- _Activity_
Omit all pictures and transcribe only the lines in the entries below that run from the line with "505 MANDALAY AVENUE" through the line with "8004 Glencannon Drive, Charlotte, NC".

═══ Supplied information ═══

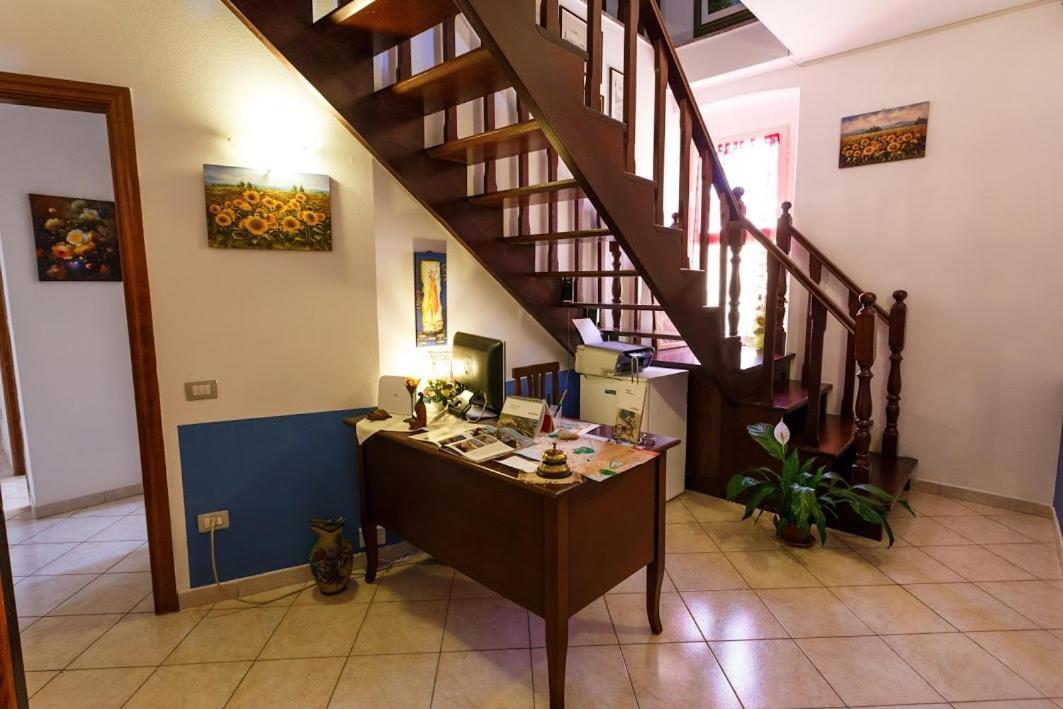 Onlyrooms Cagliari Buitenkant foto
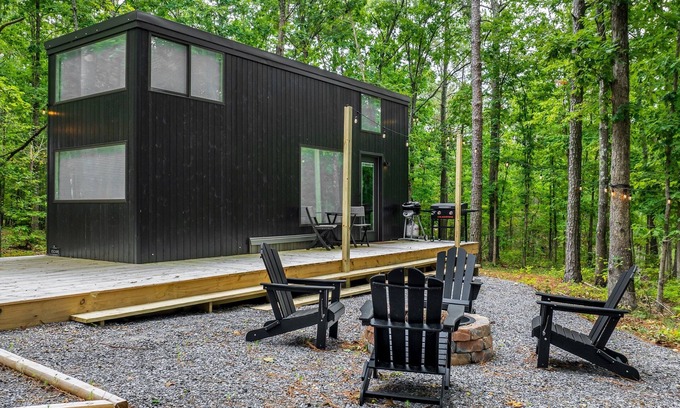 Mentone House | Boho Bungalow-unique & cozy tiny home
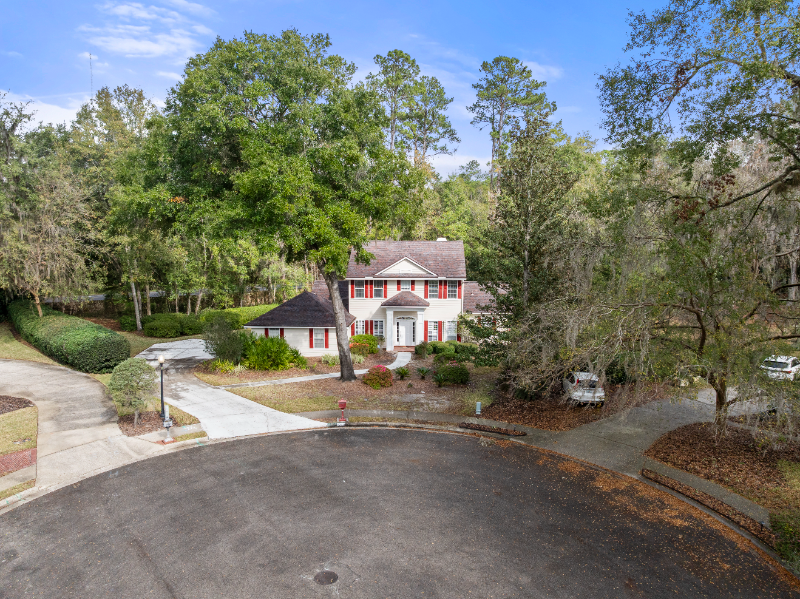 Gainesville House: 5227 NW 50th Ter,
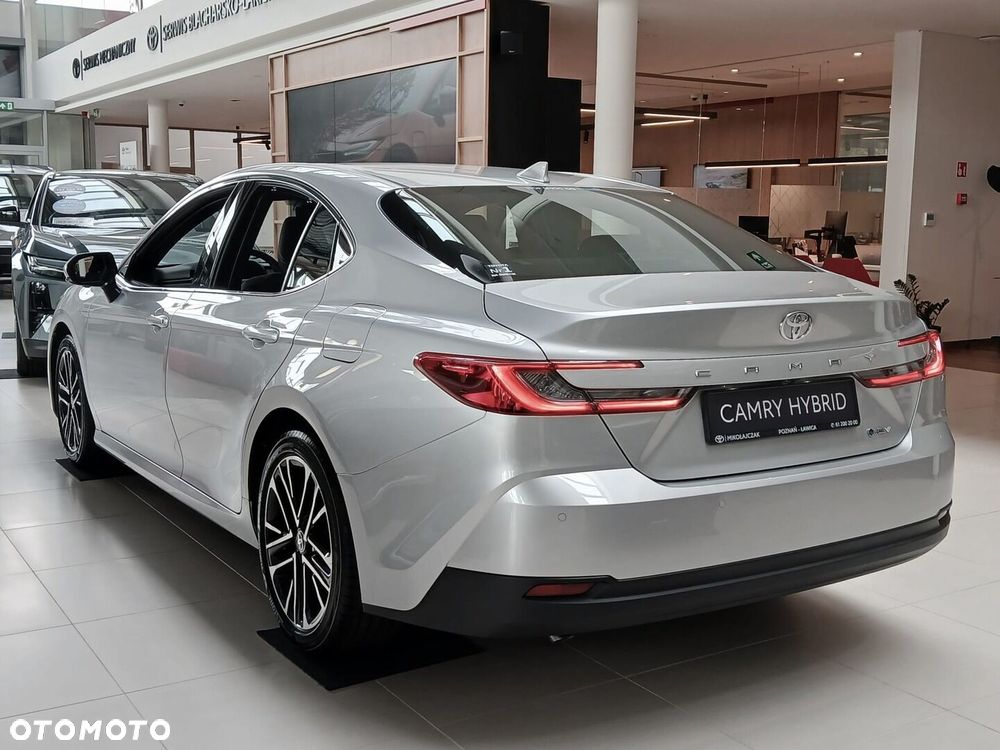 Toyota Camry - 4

═══
═══ Supplied information ═══

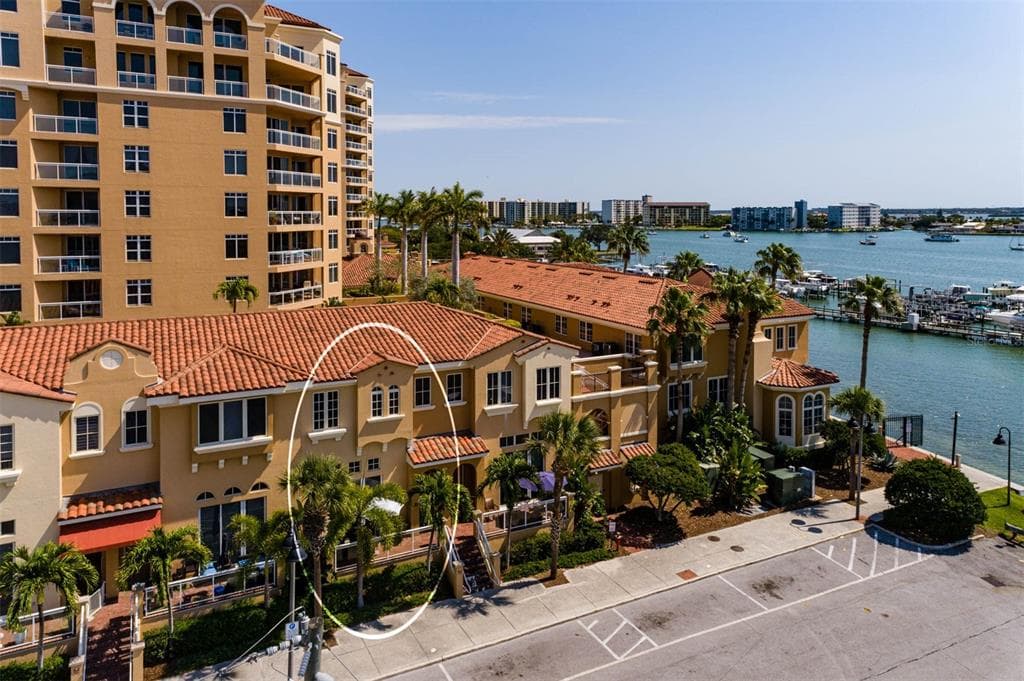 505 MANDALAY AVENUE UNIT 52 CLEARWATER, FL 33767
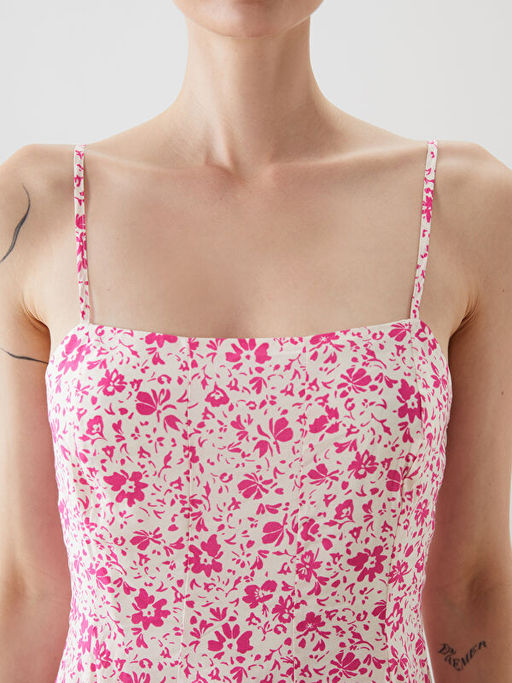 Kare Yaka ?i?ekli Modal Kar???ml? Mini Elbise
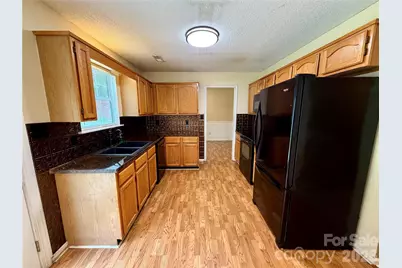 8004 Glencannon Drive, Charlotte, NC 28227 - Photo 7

═══
═══ Supplied information ═══

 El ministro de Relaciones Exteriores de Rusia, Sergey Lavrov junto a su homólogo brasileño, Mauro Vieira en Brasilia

═══

- _Expected answer_
 505 MANDALAY AVENUE UNIT 52 CLEARWATER, FL 33767
 Kare Yaka ?i?ekli Modal Kar???ml? Mini Elbise
 8004 Glencannon Drive, Charlotte, NC 28227 - Photo 7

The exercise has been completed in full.